La noticia se supo desde hace meses; el artista incluiría en su lista de presentes para Medellín, una exposición completa, la última de su obra, además de la escultura de un gato gigante y redondo para posarse en el Parque Biblioteca del corregimiento de San Cristóbal. Tres días después de su inauguración, un martes santo, y bajo la supervisión curatorial del mismo Botero, que se considera a sí mismo “a veces creyente, a veces ateo”, durante la Semana Mayor, fueron aproximadamente cinco mil visitantes los que recorrieron la Sala Temporal Norte del Museo de Antioquia, haciendo paradas en una historia bien conocida, la de Jesús y el camino hacia su condena, con la cruz a cuestas.

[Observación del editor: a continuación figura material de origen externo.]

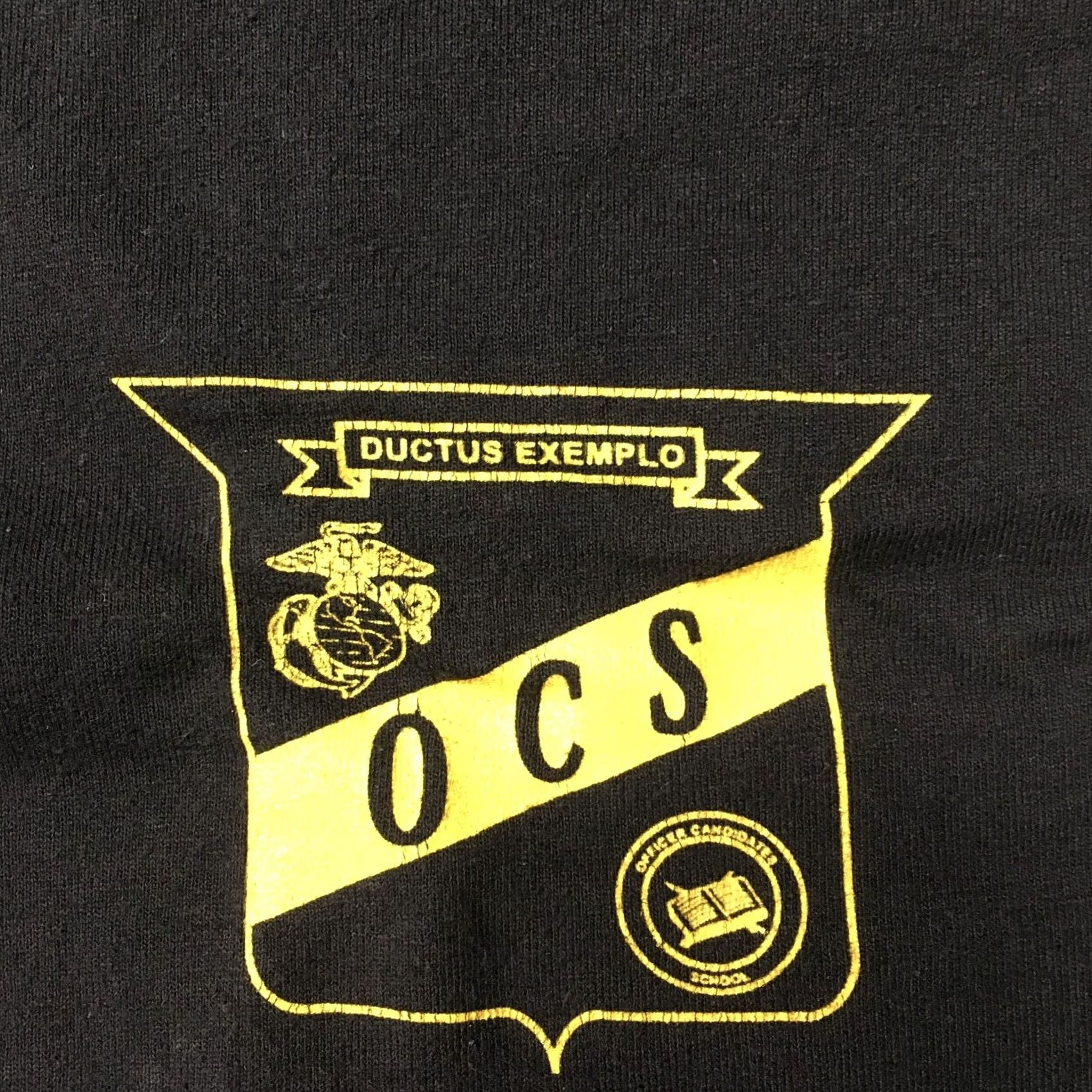Jerzees VINTAGE JERZEES Black T-Shirt Mens Medium Crew Neck Long Sleeve 100 Cotton Blend OC SSG Marines Officer Candidate School OCS Hooah Size US M / EU 48-50 / 2 - 3 Thumbnail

Este relato, más allá del transfondo bíblico, es un homenaje a obras de arte que durante años han inspirado al artista: las imágenes de Giotto, las de Van Eyck, la prolífica iconografía religiosa italiana del siglo XV y la primera manifestación del renacimiento al norte de Europa. Un recorrido por la historia del arte, esbozado en el estilo personal de Botero: sus figuras prominentes en una paleta completa de tonos pasteles que se complementan y pintan sin pretensión las caras tristes de los asistentes del Vía Crucis, el cuerpo aporreado de Jesús y el de Judas, que se inclina a besarlo, mientras un Fernando Botero en miniatura los observa y los señala desde una esquina. Los paisajes se alternan entre el horizonte de rascacielos neoyorquina y calles empedradas de algún pueblo antioqueño, en el que los captores y agresores se transforman a soldados romanos a figuras de policías contemporáneos, en una transposición del tiempo y el espacio, donde por siglos ha girado la historia del camino a la crucifixión.

“La pintura va diciendo qué color necesita”, declara finalmente Botero ante las múltiples preguntas de aquel cuerpo verde crucificado. Entre el azul del cielo y el verde del parque lleno de transeúntes, el Vía Crucis es su última obra, en la que retoma las perspectivas psicológicas y una historia que por siglos ha sido una constante para el arte latinoamericano, desde épocas coloniales. El destino final del camino hacia el calvario, de aquel Jesús que llora sangre y tiene la boca azul, es el Museo de Antioquia, su nueva casa, una casa que desde la misma creación de la exposición, había sido la elegida por Fernando Botero, en el corazón de su ciudad natal.